Development of a Smart Material Resource Planning System in the Context of Warehouse 4.0
Round 1
Reviewer 1 Report
Comments and Suggestions for Authors
The paper represents an advanced adoption of neural networks in Warehouse 4.0, where novel insights into automated inventory and production management were obtained. However, there are a number of areas where significant improvements need to be done, as described below.
1. The abstract needs to be enhanced in order to focus more on practical implications and measurable effects of the study.
2. Problem statement must be outlined more vividly. The introduction would be even more transparent with the statement of those particular challenges this study addresses in the case of Warehouse 4.0.
3. Provide more details regarding how 3D printed models were utilized during the laboratory experiment and what kind of metrics were measured.
4. The implication discussions in the results section are needed. Compare critically with any existing system or methodology to clearly show the innovation and efficiency of the system proposed.
5. The resolution and clarity of figures and diagrams, like Figure 1 and Figure 3, should be improved to better understand the workflow of the system architecture.

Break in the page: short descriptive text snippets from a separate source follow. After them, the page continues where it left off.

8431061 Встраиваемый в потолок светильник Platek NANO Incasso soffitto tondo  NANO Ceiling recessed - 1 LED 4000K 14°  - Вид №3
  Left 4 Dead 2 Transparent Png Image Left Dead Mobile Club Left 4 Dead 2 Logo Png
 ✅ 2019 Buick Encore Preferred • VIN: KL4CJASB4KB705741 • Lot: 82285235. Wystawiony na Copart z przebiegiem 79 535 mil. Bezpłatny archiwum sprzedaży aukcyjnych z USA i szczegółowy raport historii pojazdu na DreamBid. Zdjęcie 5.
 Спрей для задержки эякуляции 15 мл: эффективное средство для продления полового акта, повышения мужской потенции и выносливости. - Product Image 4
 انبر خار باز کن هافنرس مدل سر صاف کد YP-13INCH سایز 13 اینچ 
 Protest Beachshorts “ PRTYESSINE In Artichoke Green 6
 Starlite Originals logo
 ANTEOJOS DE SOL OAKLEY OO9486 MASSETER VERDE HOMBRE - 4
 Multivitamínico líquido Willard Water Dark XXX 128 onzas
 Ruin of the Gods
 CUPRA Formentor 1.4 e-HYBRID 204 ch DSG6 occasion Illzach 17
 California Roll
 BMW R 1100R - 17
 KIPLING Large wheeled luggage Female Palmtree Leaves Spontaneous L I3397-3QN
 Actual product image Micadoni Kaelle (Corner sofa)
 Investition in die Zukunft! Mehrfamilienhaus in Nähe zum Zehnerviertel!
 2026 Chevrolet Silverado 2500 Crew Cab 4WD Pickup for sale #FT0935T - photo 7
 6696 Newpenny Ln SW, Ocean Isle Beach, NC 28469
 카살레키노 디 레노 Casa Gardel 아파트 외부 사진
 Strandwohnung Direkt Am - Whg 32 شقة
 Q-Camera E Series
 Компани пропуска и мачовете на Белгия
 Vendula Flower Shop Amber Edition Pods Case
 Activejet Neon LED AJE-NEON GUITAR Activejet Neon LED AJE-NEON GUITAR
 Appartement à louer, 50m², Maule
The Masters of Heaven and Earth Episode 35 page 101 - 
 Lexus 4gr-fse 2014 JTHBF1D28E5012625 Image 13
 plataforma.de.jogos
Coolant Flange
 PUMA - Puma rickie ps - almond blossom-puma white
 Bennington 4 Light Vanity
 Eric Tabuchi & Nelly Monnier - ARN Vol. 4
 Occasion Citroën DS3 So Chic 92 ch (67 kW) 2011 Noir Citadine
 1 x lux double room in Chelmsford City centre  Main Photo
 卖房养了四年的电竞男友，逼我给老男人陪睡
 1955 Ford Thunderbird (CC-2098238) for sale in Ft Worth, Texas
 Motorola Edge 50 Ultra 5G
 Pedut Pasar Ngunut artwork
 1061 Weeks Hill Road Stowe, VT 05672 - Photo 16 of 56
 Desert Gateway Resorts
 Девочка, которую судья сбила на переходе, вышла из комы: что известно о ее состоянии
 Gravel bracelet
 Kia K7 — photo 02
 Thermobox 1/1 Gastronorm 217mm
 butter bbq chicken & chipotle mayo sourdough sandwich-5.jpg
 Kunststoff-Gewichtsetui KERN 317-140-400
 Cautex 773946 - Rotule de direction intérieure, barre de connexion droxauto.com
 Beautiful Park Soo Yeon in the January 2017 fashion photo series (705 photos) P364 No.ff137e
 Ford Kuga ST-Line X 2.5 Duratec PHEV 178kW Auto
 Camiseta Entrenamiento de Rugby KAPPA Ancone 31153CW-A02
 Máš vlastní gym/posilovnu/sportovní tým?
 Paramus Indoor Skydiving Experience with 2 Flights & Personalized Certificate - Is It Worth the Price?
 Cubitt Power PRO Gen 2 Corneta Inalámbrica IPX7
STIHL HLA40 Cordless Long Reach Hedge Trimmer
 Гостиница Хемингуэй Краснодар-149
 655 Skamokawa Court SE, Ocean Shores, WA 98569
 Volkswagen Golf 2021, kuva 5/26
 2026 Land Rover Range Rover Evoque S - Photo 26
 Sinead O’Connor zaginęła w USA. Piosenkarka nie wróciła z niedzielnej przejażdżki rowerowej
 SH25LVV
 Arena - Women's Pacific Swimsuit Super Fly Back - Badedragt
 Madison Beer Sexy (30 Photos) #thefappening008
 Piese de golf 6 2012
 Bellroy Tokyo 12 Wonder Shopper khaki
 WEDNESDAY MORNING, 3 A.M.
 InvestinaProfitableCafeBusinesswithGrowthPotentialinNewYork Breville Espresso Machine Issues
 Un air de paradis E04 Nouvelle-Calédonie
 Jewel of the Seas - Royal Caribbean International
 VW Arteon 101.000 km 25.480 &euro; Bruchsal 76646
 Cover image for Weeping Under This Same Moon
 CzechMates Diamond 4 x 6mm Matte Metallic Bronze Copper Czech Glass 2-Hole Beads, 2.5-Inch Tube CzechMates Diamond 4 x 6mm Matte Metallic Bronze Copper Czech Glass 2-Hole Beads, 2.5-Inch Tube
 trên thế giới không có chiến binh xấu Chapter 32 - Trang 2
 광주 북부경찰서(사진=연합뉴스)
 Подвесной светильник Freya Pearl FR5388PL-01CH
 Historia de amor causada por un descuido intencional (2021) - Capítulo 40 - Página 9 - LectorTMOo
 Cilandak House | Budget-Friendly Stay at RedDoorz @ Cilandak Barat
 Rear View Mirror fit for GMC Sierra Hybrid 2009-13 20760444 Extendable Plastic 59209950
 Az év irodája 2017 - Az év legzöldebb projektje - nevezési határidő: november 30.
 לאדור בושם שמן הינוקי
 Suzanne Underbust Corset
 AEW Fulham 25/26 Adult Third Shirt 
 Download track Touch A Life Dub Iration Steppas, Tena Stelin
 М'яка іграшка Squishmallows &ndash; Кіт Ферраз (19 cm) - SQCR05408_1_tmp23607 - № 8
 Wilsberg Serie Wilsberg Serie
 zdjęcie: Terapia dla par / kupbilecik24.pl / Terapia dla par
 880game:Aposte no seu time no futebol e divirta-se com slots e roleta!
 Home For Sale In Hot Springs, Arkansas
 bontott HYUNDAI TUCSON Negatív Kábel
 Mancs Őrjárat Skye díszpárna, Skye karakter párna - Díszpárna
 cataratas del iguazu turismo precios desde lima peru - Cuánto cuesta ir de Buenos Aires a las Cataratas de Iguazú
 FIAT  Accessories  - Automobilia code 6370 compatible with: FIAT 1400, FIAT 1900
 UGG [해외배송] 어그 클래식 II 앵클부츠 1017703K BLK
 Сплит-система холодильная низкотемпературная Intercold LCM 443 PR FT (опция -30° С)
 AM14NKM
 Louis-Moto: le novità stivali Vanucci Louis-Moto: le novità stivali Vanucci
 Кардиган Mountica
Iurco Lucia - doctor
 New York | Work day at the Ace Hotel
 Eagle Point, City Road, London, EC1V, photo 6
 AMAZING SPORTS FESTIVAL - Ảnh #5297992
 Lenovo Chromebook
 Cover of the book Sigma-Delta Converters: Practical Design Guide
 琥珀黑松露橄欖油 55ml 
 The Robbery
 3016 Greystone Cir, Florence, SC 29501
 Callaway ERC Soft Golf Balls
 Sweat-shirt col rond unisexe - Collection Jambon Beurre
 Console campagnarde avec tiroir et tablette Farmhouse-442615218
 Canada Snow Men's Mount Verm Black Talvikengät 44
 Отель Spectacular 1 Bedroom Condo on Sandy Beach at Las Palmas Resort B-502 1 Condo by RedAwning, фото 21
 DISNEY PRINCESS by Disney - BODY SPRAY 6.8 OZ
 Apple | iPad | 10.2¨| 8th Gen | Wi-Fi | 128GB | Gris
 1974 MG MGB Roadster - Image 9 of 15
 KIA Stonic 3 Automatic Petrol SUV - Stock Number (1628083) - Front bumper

Captions could be more descriptive.
6. Also, Figure 5 is related to the architecture of the neural network. It is better to repeat a short explanation of the critical components directly under the figure to help readers who do not know these details.
7. The conclusion should be more focused on concrete outcomes. Repeat your main findings and how those can be applied in a real warehouse or manufacturing environment.
8. Add same clear futures research directions.
9. Insert the paragraph between line 130 -137 in the above paragraph.
If these aspects are worked upon, then the paper can come up to the desired publication standards as requested in the contribution to the field.
Comments on the Quality of English LanguageThe quality of language is moderate and needs editing.
Author Response
Comments 1: The abstract needs to be enhanced to focus more on the practical implications and measurable effects of the study.
Response 1: Thank you for pointing this out. We agree with this comment. Therefore, we have revised the abstract to emphasize the practical implications and measurable outcomes of the system, particularly in real-world production environments. These changes can be found on page 1, lines 15-30.
Comments 2: The problem statement must be outlined more vividly. The introduction would be even more transparent with the statement of those particular challenges this study addresses in the case of Warehouse 4.0.
Response 2: We appreciate your suggestion. We have clarified the problem statement in the introduction, more explicitly addressing the challenges faced in Warehouse 4.0. These changes have been implemented in lines 50-70.
Comments 3: Provide more details regarding how 3D-printed models were utilized during the laboratory experiment and what kind of metrics were measured.
Response 3: Thank you for this suggestion. We have included additional details regarding the use of 3D-printed models in the laboratory experiment and provided information on the metrics that were measured. This can be found on lines 431-437.
Comments 4: The implication discussions in the results section are needed. Compare critically with any existing system or methodology to clearly show the innovation and efficiency of the system proposed.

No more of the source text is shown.